With each step, the city gets closer to allowing its financial officers to use the NJ/ARM and gain the benefit of its higher interest rates. Yet each vote, this one on introducing the NJ/ARM into the city’s Cash Management Plan, is taken with a degree of expressed concern by some members of council.
Deputy Mayor Lorraine Baldwin has been especially vocal about her concerns. At a meeting two weeks ago, Baldwin asked if investments in the NJ/ARM are covered by the Government Unit Deposit Protection Act (GUPDA), which normally protects municipality deposits that are in excess of the amounts covered by the Federal Deposit Insurance Corporation (FDIC).
At the April 4 meeting, she learned that GUPDA does not insure funds on deposit in the NJ/ARM. The city’s new Chief Financial Officer, Kevin Hanie, said the nature of the investment vehicles used by the NJ/ARM, which are almost all treasuries backed by the federal government, makes depositing funds with the NJ/ARM a safe option. The NJ/ARM has S&P Global Ratings’ highest rating.
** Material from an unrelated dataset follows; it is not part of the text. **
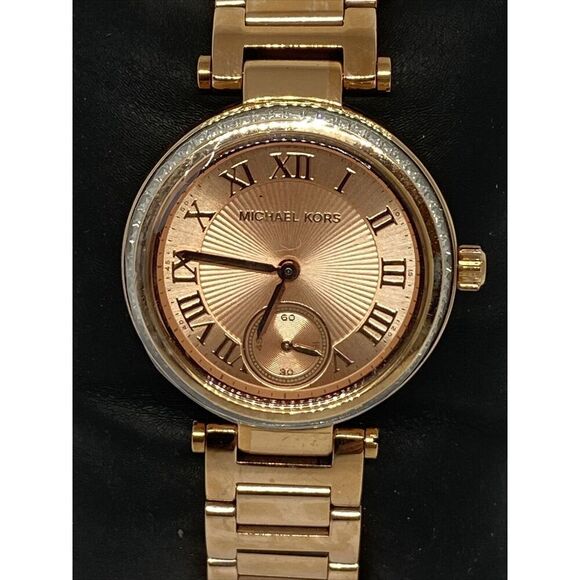 Michael Kors Skylar MK5971 Womens Stainless Steel Analog Dial Quartz Watch JK466 main image 8
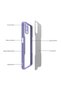 Oppo A72 Case Frosted Transparent Parfait Cover with Camera Protection on the Back - 4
The NJ/ARM works similarly to a pooled money market fund for state municipalities. It provides investment services for bond proceeds and general operating funds.
The conversation focused on the perception that the NJ/ARM is safe, New Jersey municipalities are not barred by law from placing funds in the NJ/ARM, even though GUPDA protection is normally required for public deposits, and the interest rates are higher than the city is getting from deposits at FDIC-insured banks.
In the end, city council approved a resolution amending the cash management plan “to incorporate the NJ/ARM program and to request a report be made to Council prior to substantial investments being made in NJ/ARM.”
Substantial investment was defined as $1 million or more.